Summary: News of the coming great extinction has the chattering classes agog with fear. But they’re (as usual) looking the wrong way. The rapid evolution of algorithms, software, and robots will make many kinds of jobs as extinct as the Great Auk. This will reshape the world into a wonderland — or unleash disastrous social turmoil. It’s up to us.
The Great Auk, last seen 1852. Lots of jobs will go extinct, just as they did.
Yet another of these coordinated-looking propaganda barrages warn us of the danger. These are all from June 2015…
- WaPo: “Earth is on brink of a sixth mass extinction, scientists say, and it’s humans’ fault“.
- Newsweek: “Sixth Great Extinction Under Way, Scientists Say“.
- An over-the-top alarm from National Geographic: “Will Humans Survive the Sixth Great Extinction?“.
These headlines are correct, but about the wrong subject. They are exaggerated speculation based on false claims about damage to the biosphere (e.g., 30 thousand species going extinct each year). The coming great extinction is of jobs. The drumbeat of automated has become background in the news, the unnoticed washing away of the foundation to American society. When it is seen, the job losses are often attributed to corporate oligarchies, free trade, or massive immigration.
It has just begun. To more clearly see this trend I recommend following the few experts charting the path to this new world. Such as Martin Ford.
Traditionally, robots have been in factories, but I think that over the next 10 to 20 years, automation in the form of robots, smart software and machine learning is really going to invade pretty much across the board.
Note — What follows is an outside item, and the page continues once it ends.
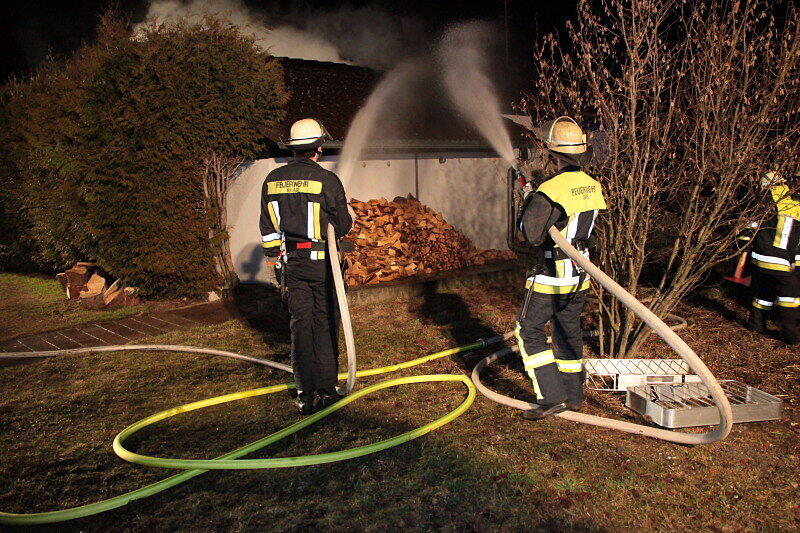 Zu einem Garagenbrand in Dörfl wurden mehrere Feuerwehren alarmiert. Das Feuer ist vermutlich im Dachbereich der Garage ausgebrochen und griff auf das Wohnhaus über.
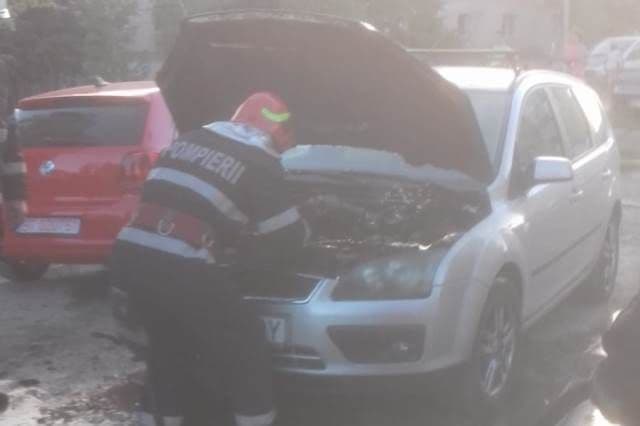 Incendiu izbucnit la o mașină parcată pe Aleea Ghiocelului din Dorohoi – FOTO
It’s going to start impacting jobs at all skill levels. It’s not just going to be about low-wage people who don’t have lots of education. It’s really starting to impact also professional jobs.
… we’re in the midst of a transition where in the past, machines have always been tools that have been used by people and made those people more productive, but increasingly, the technology is really becoming a replacement or a substitute for more and more workers. That’s going to be a huge issue over the coming decade.